Recorded data:
══════════════════════════════

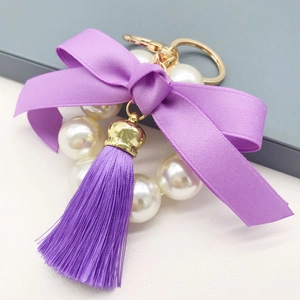 Macro detail of purple ribbon bow and pearl bead tassel keychain with golden metal clasp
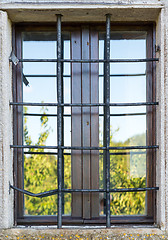 Image showing old window with metal bars 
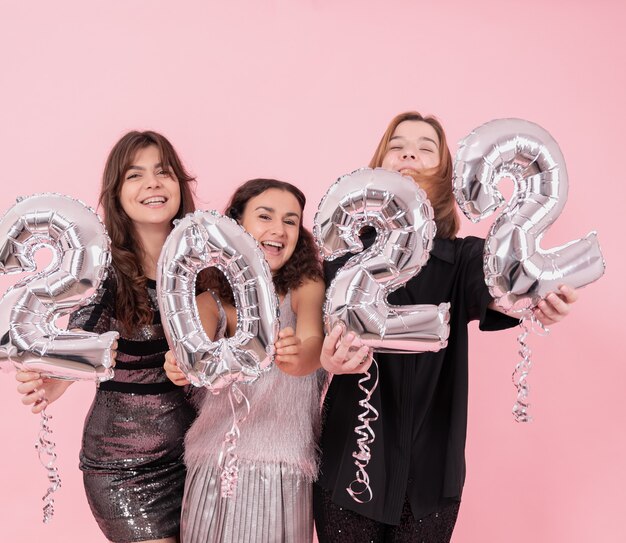 Una compagnia di amiche allegre su uno sfondo rosa da studio con palloncini d'argento sotto forma di numeri 2022.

══════════════════════════════

Work required: Leaving the pictures aside, repeat the data above exactly.

Response area:
 Macro detail of purple ribbon bow and pearl bead tassel keychain with golden metal clasp
 Image showing old window with metal bars 
 Una compagnia di amiche allegre su uno sfondo rosa da studio con palloncini d'argento sotto forma di numeri 2022.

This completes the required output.